## Activity
Leaving the pictures aside, return all of the data below exactly.

## Data section
=== Section Start ===
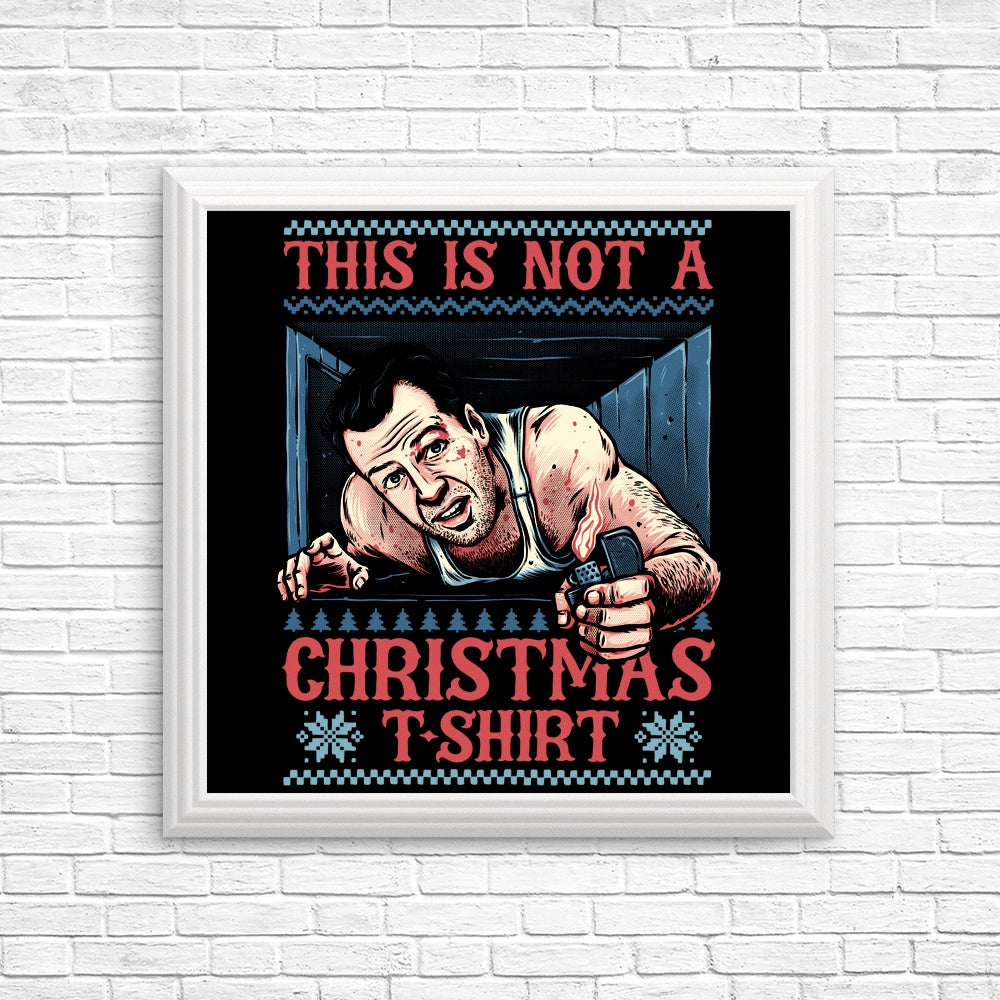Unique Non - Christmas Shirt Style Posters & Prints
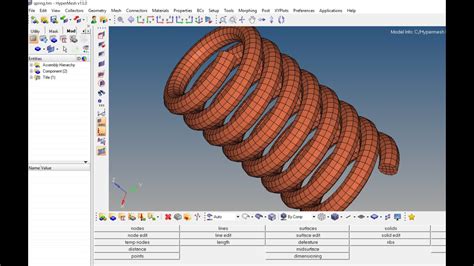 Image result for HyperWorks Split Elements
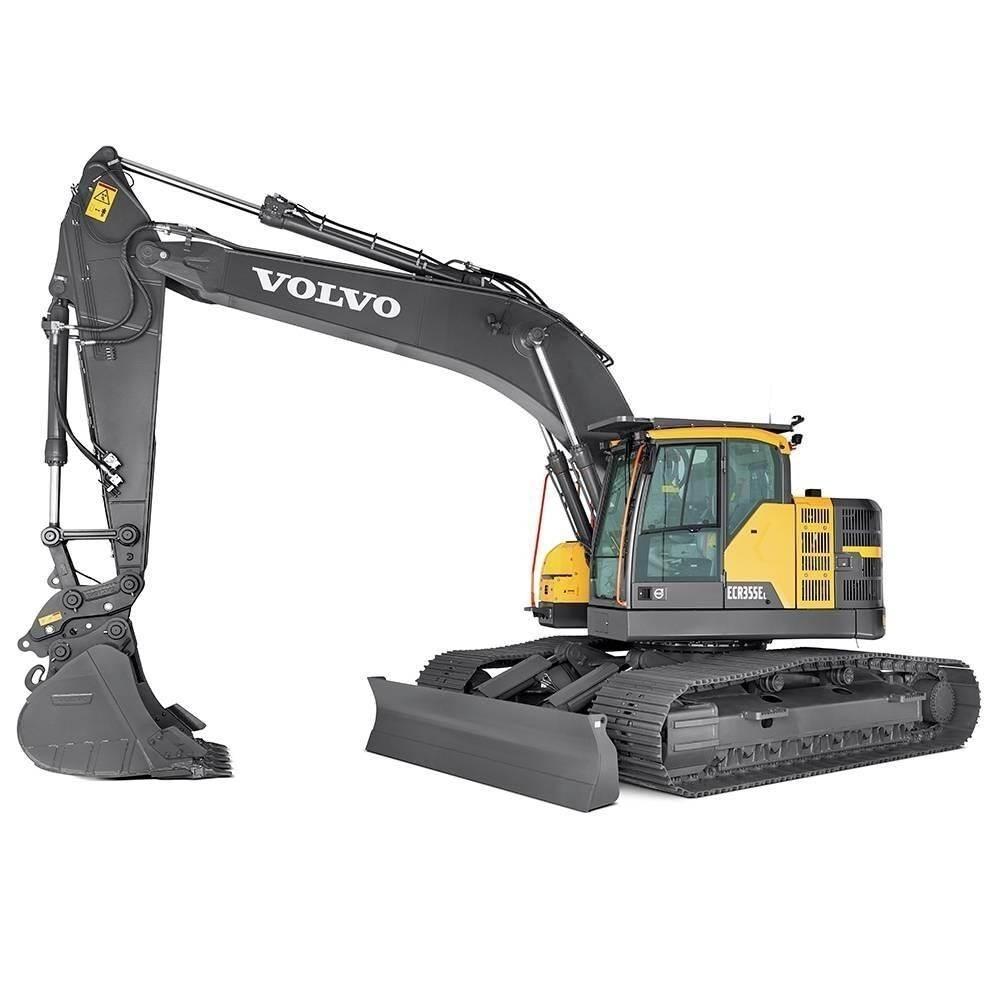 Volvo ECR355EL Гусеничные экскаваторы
=== Section End ===
## Solution to this problem
Unique Non - Christmas Shirt Style Posters & Prints
 Image result for HyperWorks Split Elements
 Volvo ECR355EL Гусеничные экскаваторы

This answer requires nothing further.